It’s strange to think of underworld don Dawood Ibrahim as a frightened young man, hiding from his enraged policeman father after beating up a young thug in a gang fight.
It’s even stranger to read that the person he ran to for protection was a woman, freedom fighter-turned-smuggler-turned-bootlegger Jenabai Daaruwali. And oddest of all to think that Dawood, Haji Mastan and the Pathan gangsters might never have joined forces had it not been for Jenabai’s intervention.
The story — one of 13 accounts of Mumbai’s ‘mafia queens’ — reads like a sub-plot from a film script. A troubled Haji Mastan watches from the balcony of his bungalow, ironically named Baitul Suroor (House of Happiness), as his black Mercedes heads towards a slum in the dead of night to pick up a rich and powerful bootlegger. She arrives to a sumptuous dinner, then advises the gangster, Haji Mastan, on how to turn his fortunes around.
Elsewhere in Mafia Queens of Mumbai — the second book from veteran journalist S Hussain Zaidi — Ashraf Khan, a soft-spoken gangster-turned-informer speaks of the burkha-clad beauty he fell in love with while teaching her to shoot, fight and snitch and who dedicates her life to destroying Dawood to avenge her husband’s murder.
It’s hard to tell how much of Mafia Queens is apocryphal, given that each of the 13 stories is pieced together from official documents, case reports and anecdotes from the subject’s family and acquaintances. The account, though, vibrates with drama, intrigue and unexpected pathos.
There’s Gangubai Kathewali, the matriarch of Kamathipura, a young woman betrayed into prostitution who turns into one of its biggest champions — and wealthiest benefactors — but retains a soft spot for young women forced into the trade.
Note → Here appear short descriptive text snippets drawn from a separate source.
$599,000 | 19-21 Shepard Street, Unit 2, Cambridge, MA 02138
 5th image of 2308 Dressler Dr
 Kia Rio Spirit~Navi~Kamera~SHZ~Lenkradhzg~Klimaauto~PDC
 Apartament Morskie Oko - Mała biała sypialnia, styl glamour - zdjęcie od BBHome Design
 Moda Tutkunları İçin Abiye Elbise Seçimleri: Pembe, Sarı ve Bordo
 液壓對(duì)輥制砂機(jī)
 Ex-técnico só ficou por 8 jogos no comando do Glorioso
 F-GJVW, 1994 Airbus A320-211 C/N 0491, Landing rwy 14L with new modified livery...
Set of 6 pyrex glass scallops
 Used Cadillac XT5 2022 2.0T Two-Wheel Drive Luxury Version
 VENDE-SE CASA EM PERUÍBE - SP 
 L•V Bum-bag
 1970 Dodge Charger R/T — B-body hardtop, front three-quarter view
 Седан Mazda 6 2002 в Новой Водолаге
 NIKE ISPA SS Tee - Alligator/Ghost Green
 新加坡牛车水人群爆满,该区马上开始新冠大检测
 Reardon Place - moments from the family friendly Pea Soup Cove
And there’s Neeta Naik, who persuaded her beloved husband to join the underworld only to see him shot and paralysed, then forced to flee the country till eventually, mad with jealousy, he hired gunmen to shoot his allegedly unfaithful wife.
Making surprising appearances in secondary roles are some of the biggest names in Mumbai’s once-all-powerful underworld — Dawood Ibrahim, Chhota Rajan, Ravi Poojary.
The only name that perhaps doesn’t belong is Abu Salem’s moll, Monica Bedi. Amid women who did the doing and paid the price, the story of a young starlet cluelessly trailing a gangster around the world, then switching loyalties and religions and ending up on a reality show somehow doesn’t seem to make the cut.